The process of managing and resolving software defects, commonly known as bug triage, is a critical component of software development and maintenance. With the increasing complexity and scale of software systems, manual bug triage has become a significant bottleneck, necessitating the adoption of automated solutions. This section introduces the core concepts of automatic bug triage and the pivotal role of intelligent agents in transforming this process. It provides formal definitions, traces the historical evolution of bug triage automation, and highlights early foundational contributions that paved the way for current advancements, particularly those leveraging artificial intelligence.

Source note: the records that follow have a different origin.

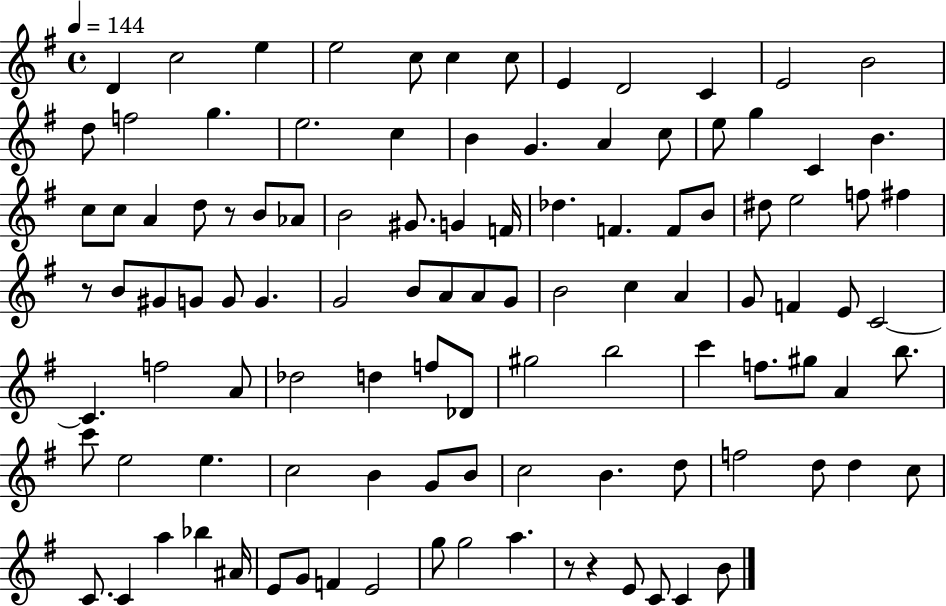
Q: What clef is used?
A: treble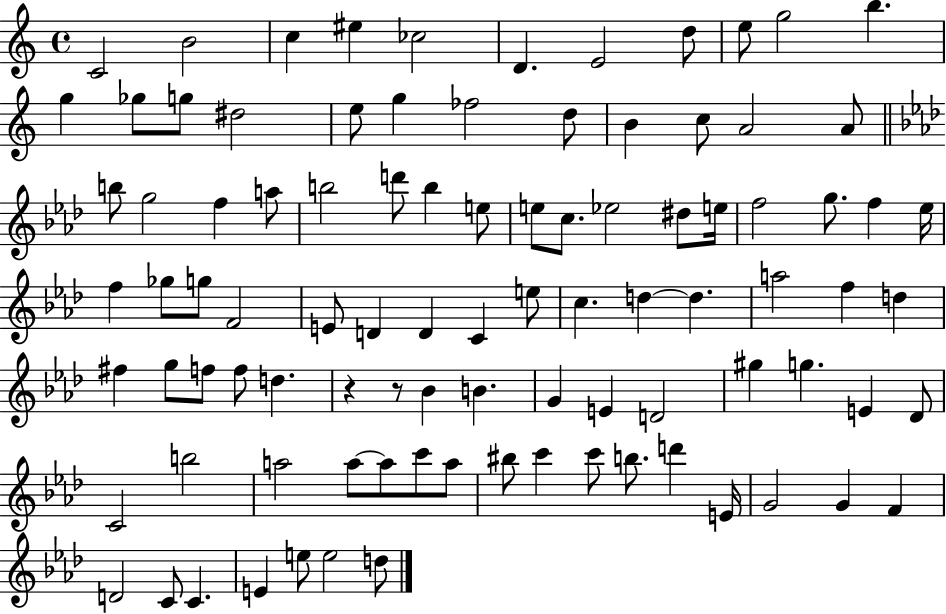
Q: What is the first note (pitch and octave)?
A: C4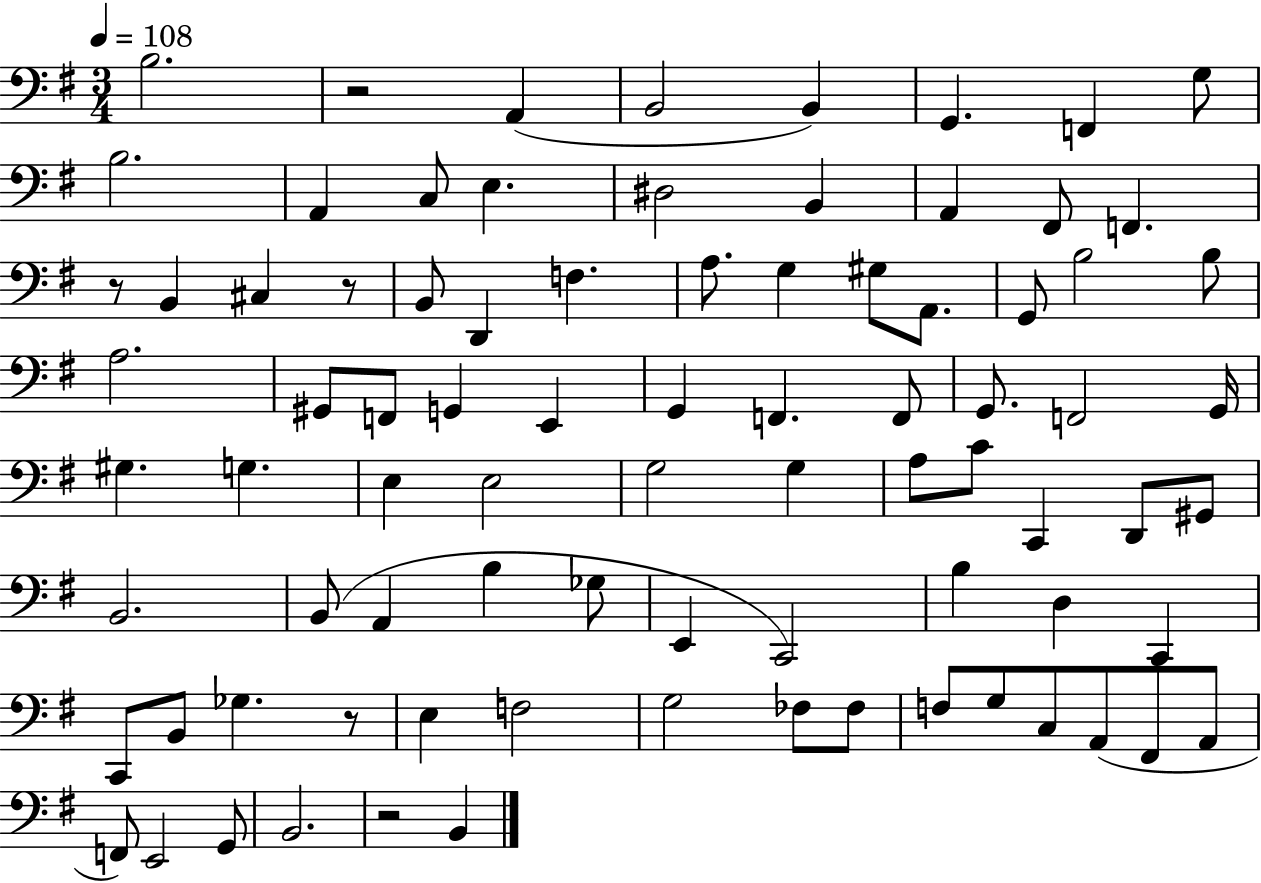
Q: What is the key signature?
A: G major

Automatic bug triage is a systematic process designed to review and classify reported software bugs according to their severity and impact on the software application 1. Its primary goal is to prioritize these bugs and efficiently assign them to the appropriate developers for resolution 1. This encompasses identifying, tracking, prioritizing, and addressing software bugs to organize them effectively and ensure that the most critical issues are handled first 2. More broadly, triage involves a sequence of analytical activities aimed at efficiently managing an issue's lifecycle, including detecting duplicates, prioritizing urgency, classifying the issue's type (e.g., bug, feature request, or security vulnerability), and routing it to the most suitable entity, which could be a specific developer, a component team, or an automated analysis pipeline 3. In the context of automation, machine learning algorithms, including Large Language Models (LLMs), are employed to classify bugs and assign them to developers, thereby enhancing efficiency 4. An "Auto Triage AI Agent" exemplifies this by automating bug reporting, triage, and follow-up processes through generative AI, thereby transforming traditionally manual methods into streamlined, efficient workflows 5.
Intelligent agents, especially LLM agents, are defined as autonomous or semi-autonomous systems capable of understanding their environment, planning tasks, and executing actions to achieve long-term goals within the domain of software engineering 6. These agents can be combined into multi-agent systems, where multiple LLMs collaborate using structured communication, task specialization, and coordination protocols 6. Within bug tracking, LLM agents play a crucial role across the entire bug lifecycle. Their assistance spans bug report creation and enhancement, reproduction attempts, classification, traceability link creation, validation, bug assignment, localization, fixing, verification, and deployment 6. This integration of agents facilitates automation and injects intelligence at various stages, significantly reducing manual effort, improving the quality of reports, and bridging communication gaps between non-technical end-users and technical developers 6. For instance, an autonomous agent can use generative AI to analyze emails, extract key details, cross-reference product documentation, and create bug reports in systems like Azure DevOps, while another agent handles autonomous bug updates and follow-ups based on user replies 5.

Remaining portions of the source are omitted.